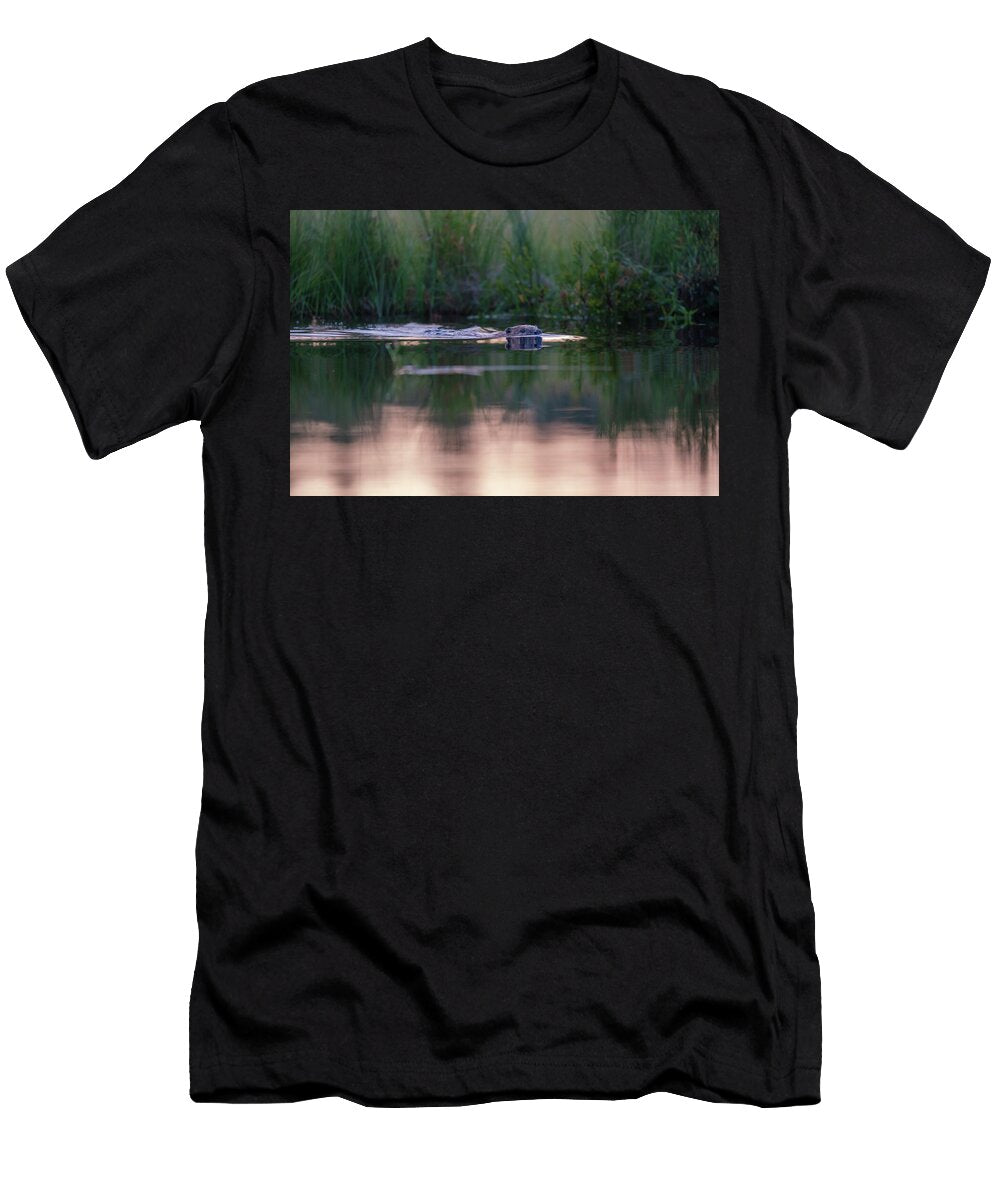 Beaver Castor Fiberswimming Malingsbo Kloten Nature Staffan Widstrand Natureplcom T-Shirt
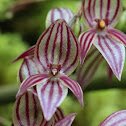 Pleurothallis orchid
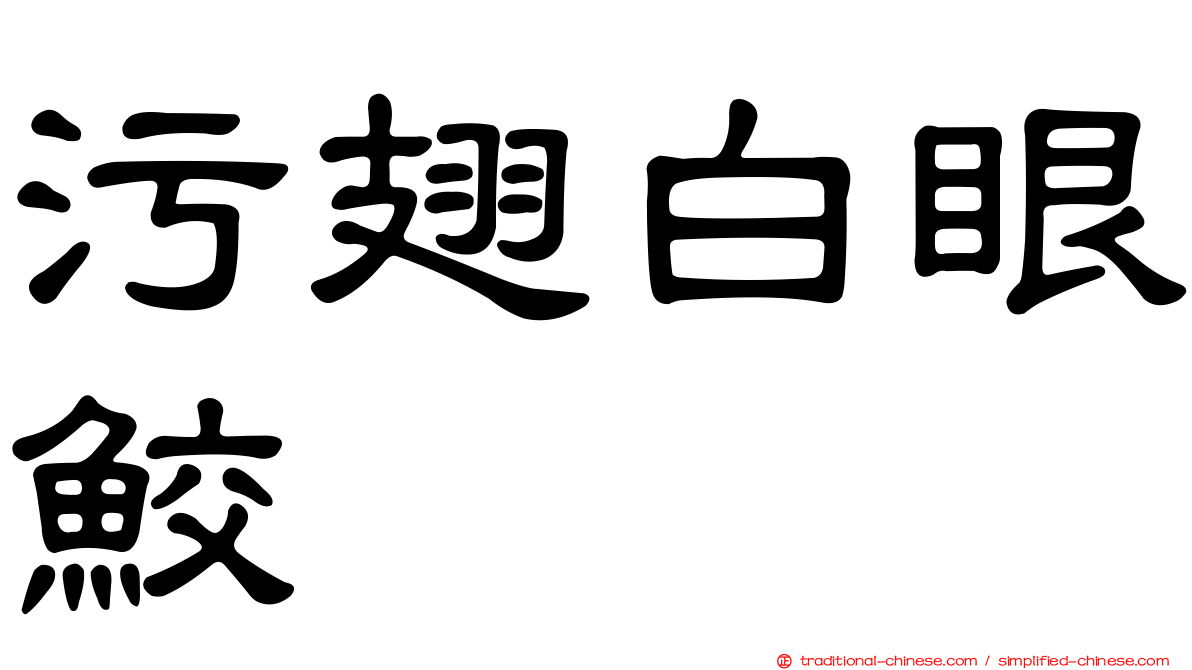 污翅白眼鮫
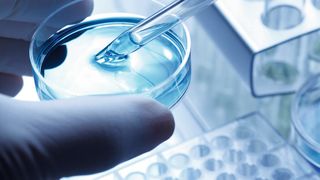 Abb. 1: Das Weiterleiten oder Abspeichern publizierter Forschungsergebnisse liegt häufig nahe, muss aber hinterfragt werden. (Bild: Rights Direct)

━━━━

▶ _Task details_:
Word for word, output the whole listing, but not its pictures.

▶ _Result below_:
 Beaver Castor Fiberswimming Malingsbo Kloten Nature Staffan Widstrand Natureplcom T-Shirt
 Pleurothallis orchid
 污翅白眼鮫
 Abb. 1: Das Weiterleiten oder Abspeichern publizierter Forschungsergebnisse liegt häufig nahe, muss aber hinterfragt werden. (Bild: Rights Direct)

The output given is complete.